What he tells you: He’s educated and has a great career. He also lives in a big house on the hill - Oh and that every female on the planet wants him.
What he actually does: He can’t afford his rent let alone his business (which is in debt) and is scarily insecure, despite his confident persona. He's bordering psychopathic and once he's found out your weaknesses he will eventually make you feel unworthy, despite his constant admiration for you at the start.
Natural habitat: Anywhere on the Kings Road or Mayfair…
What’s the deal?: Run. Don’t believe the lies this man is telling you. He will make your life a living and breathing hell. He will gradually make you question your sanity and your self worth, as well as your family/your background and your achievements. Seriously run!

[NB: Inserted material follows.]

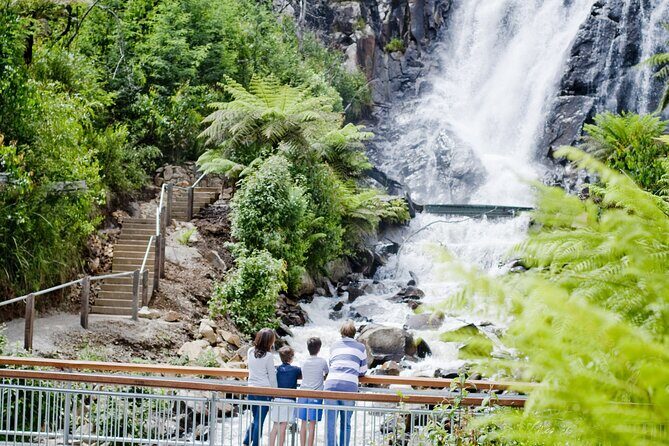 Lake Mountain Snow play and Steavenson Falls from Melburne - FAQs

How to spot him: He’s quite hard to spot at the beginning as he will act like he has his shit together. He will seem like Mr Perfect but actually he’s very manipulative. At the start of your relationship he will regularly compliment you - making you feel like a million dollars, but don’t be fooled, this is all part of the narcissist’s game. He wants to make you fall in love with him and then trap you. Save yourself from being mentally scarred and run!!!

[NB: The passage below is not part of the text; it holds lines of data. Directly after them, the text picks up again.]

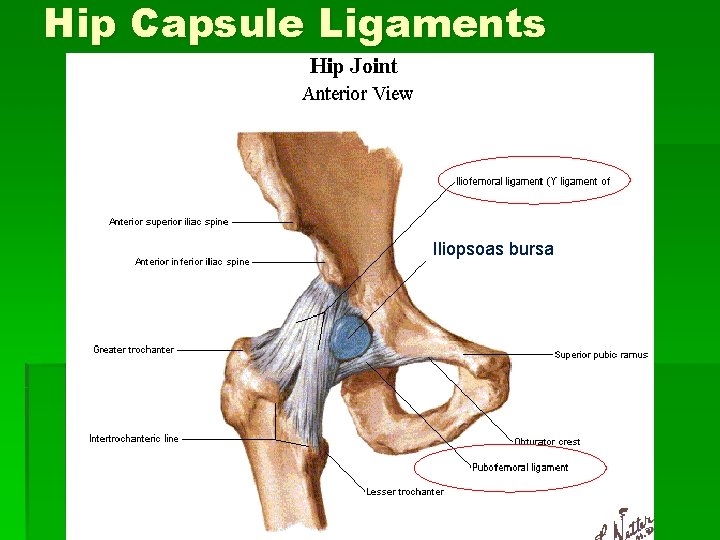 Hip Capsule Ligaments Iliopsoas bursa 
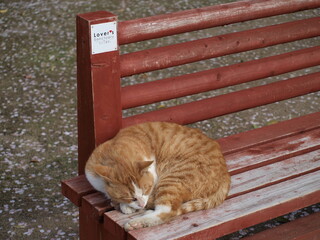 桜の花びら散り始めた尾道の街でベンチに座る猫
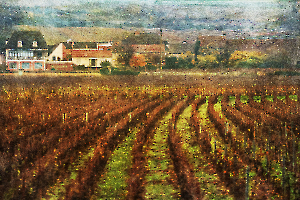 3 M. Beaufils - Sur la route des vignes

What he tells you: How many followers and subscribers he has. Plus how his engagement on his latest video was crazily high.
What he actually does: Makes videos all day that are supposed to look candid and then sits on his computer all day editing them. Come the end of the day he'll upload the video. #Engagement
Natural habitat: His house or his Mum’s house and cool events that give out free goodie bags.
What’s the deal?: This guy’s life is all about his followers and how many likes he gets on his latest post. Don’t expect to be taken on a date and not be filmed, this guy’s life is social media. You will always come second.
How to spot him: He has a camera in his hand and finishes conversations with: “Don’t forget to subscribe to my channel!”
What he tells you: How much he lifts at the gym followed by how many pints he’s going to drink tonight. Prepare yourself for the ’ two whales walk into a bar ‘ joke. Lads, lads lads…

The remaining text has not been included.